◆ Required work
Please restate word for word the lines from the top of the entries through the line that contains "Automobile Dacia, afaceri", and do not include any pictures.
────────────────
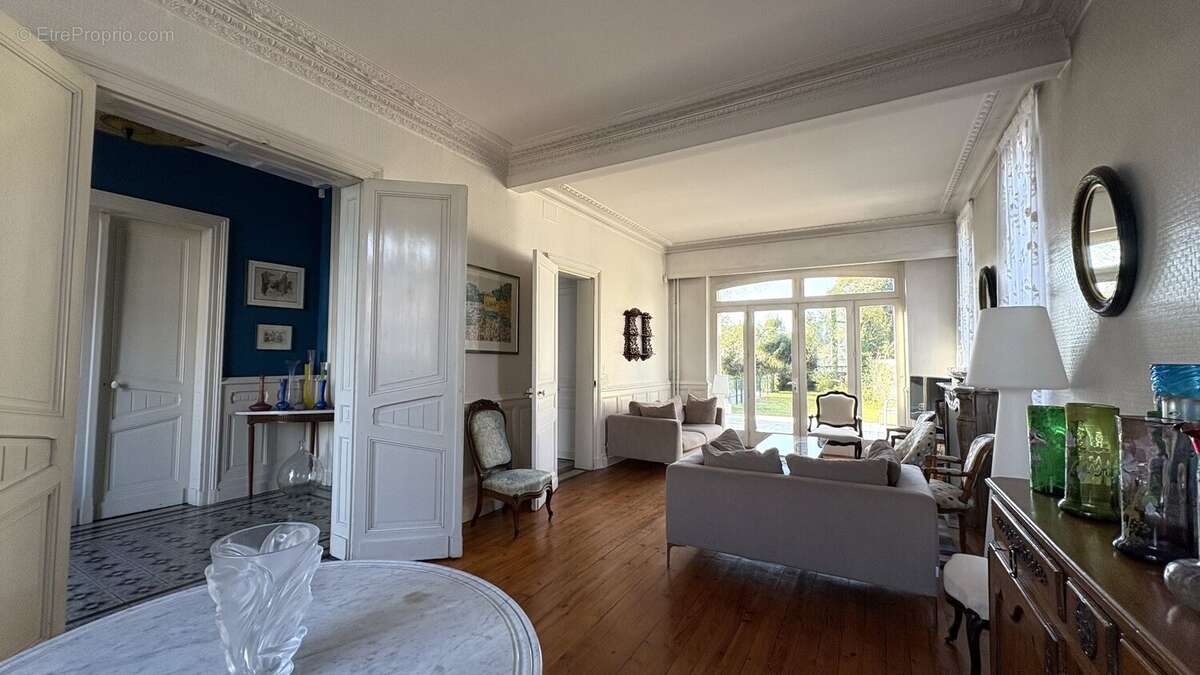 Maison de maitre de type t8 de 202 m2 avec piscine - photo 7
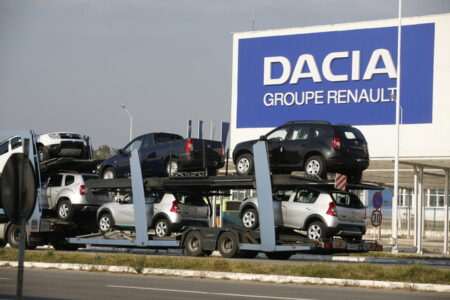 Automobile Dacia, afaceri de peste 5,2 miliarde de euro în 2023. S-a menţinut profitul, dar a scăzut numărul angajaţilor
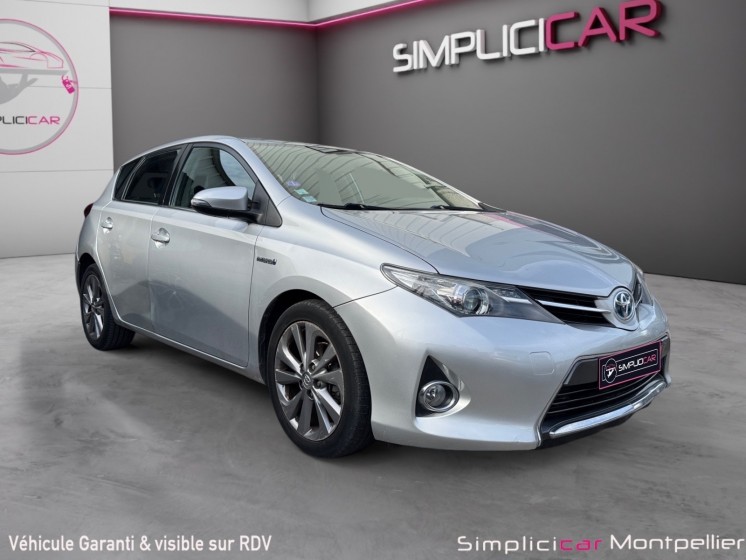 Toyota auris hybride 136h dynamic garantie 12 mois occasion montpellier (34) simplicicar simplicibike france
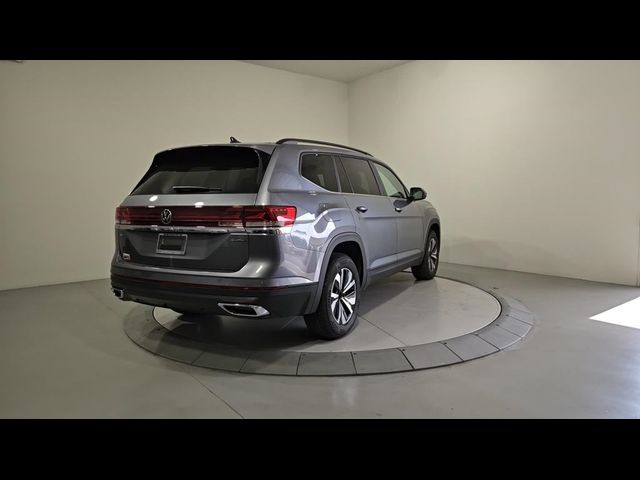 2024 Volkswagen Atlas 2.0T SE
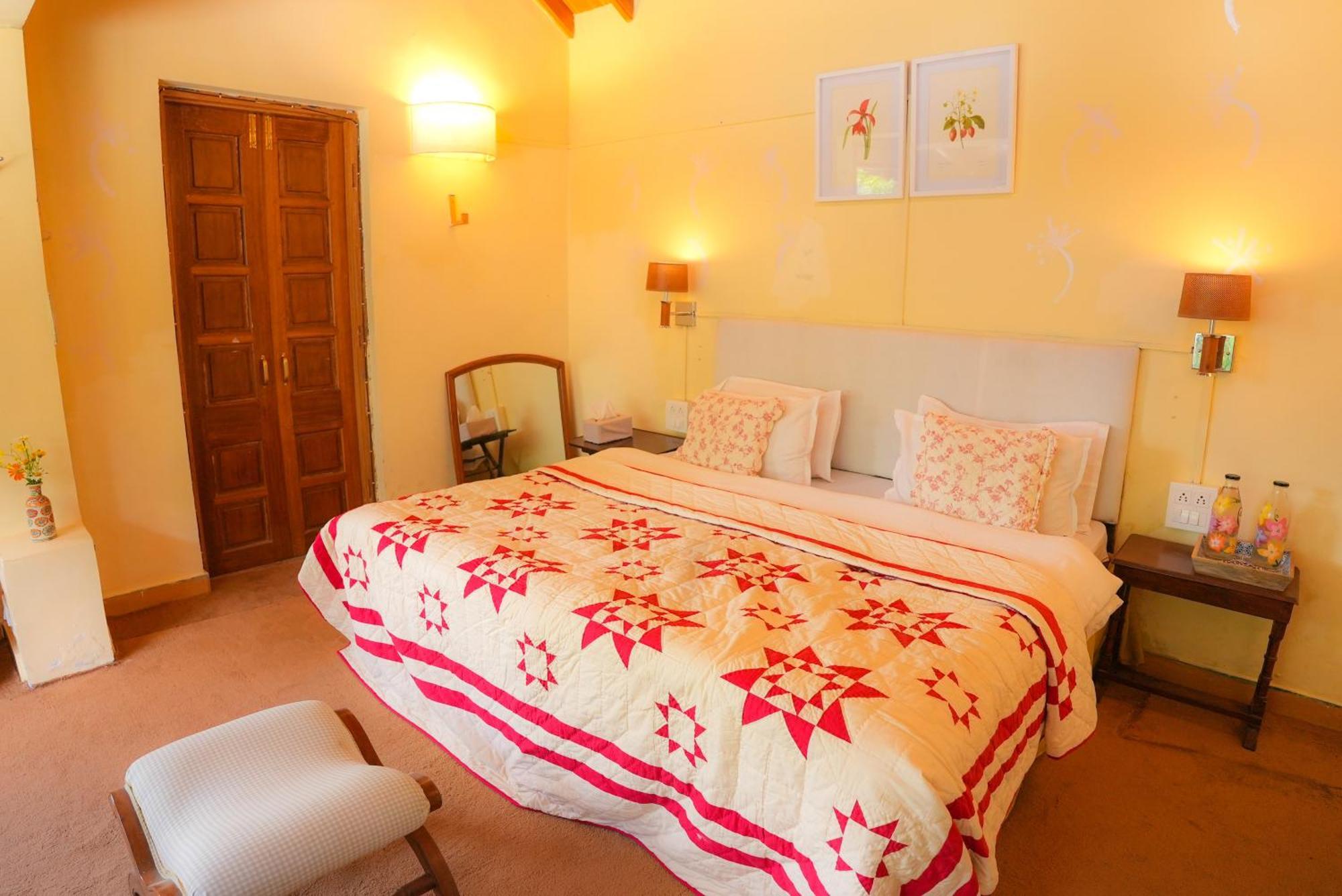 Nalagarh Loghuts By Edenhomes 3* Manali (Himachal Pradesh)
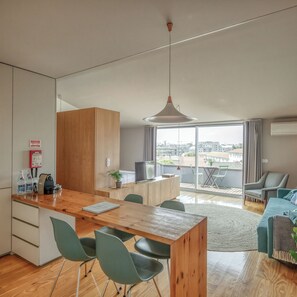Interior - Penthouse with Private Balcony | Baumhaus Serviced Apartments | Central Porto (Porto)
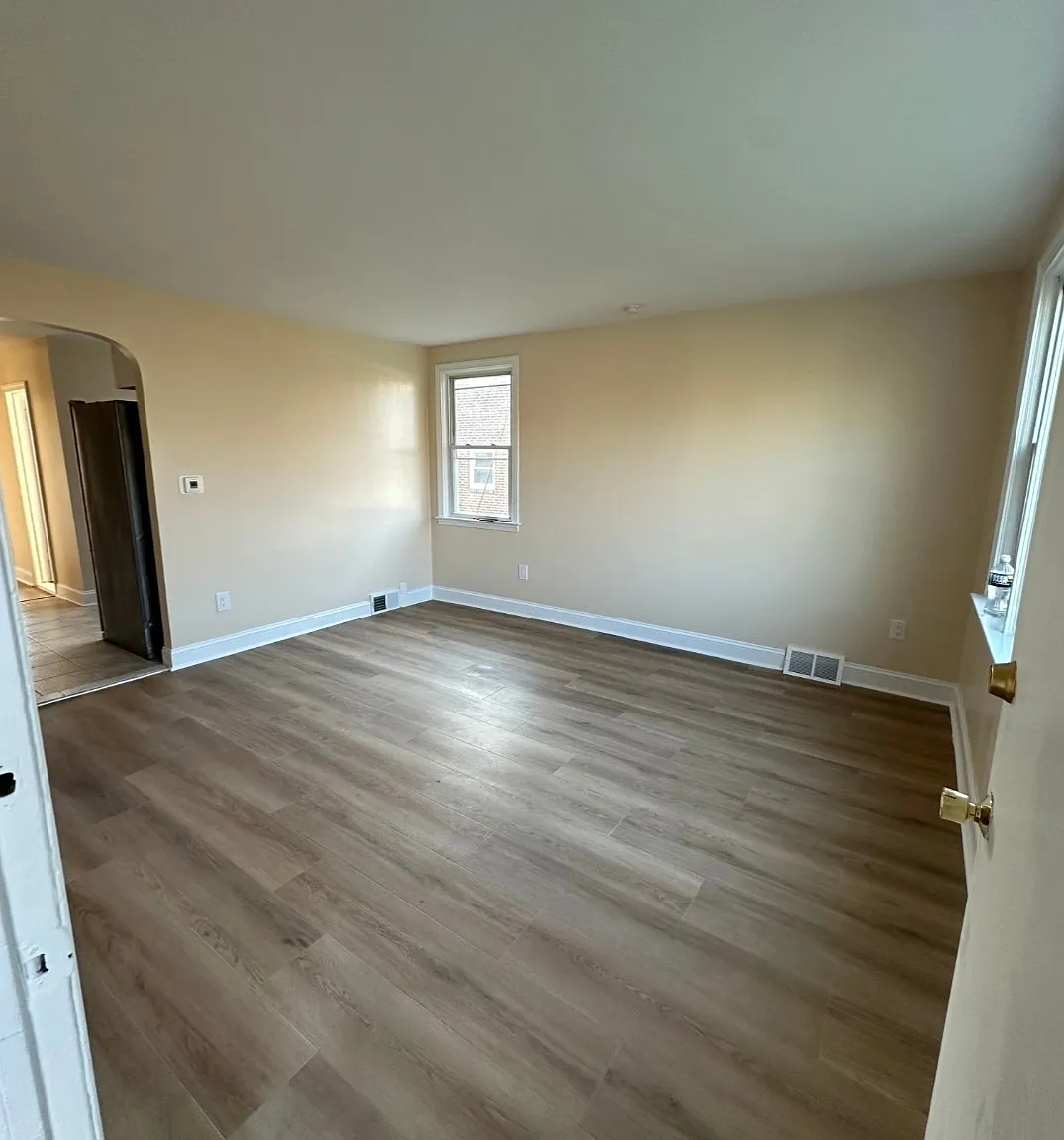 1208 Englewood St — Photo 4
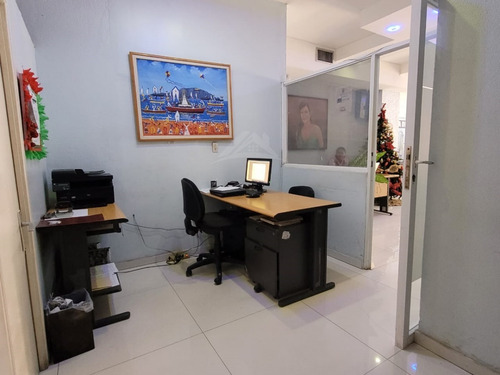 Imagen 6 de 6 de Local Con Excelente Ubicación En La Avenida Bolívar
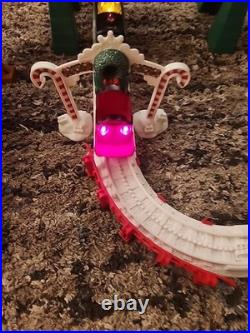 GEOTRAX CHRISTMAS IN TOYTOWN 2010 RC TRAIN SET WORKING COMPLETE Sounds Light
────────────────
◆ Answer below
 Maison de maitre de type t8 de 202 m2 avec piscine - photo 7
 Automobile Dacia, afaceri de peste 5,2 miliarde de euro în 2023. S-a menţinut profitul, dar a scăzut numărul angajaţilor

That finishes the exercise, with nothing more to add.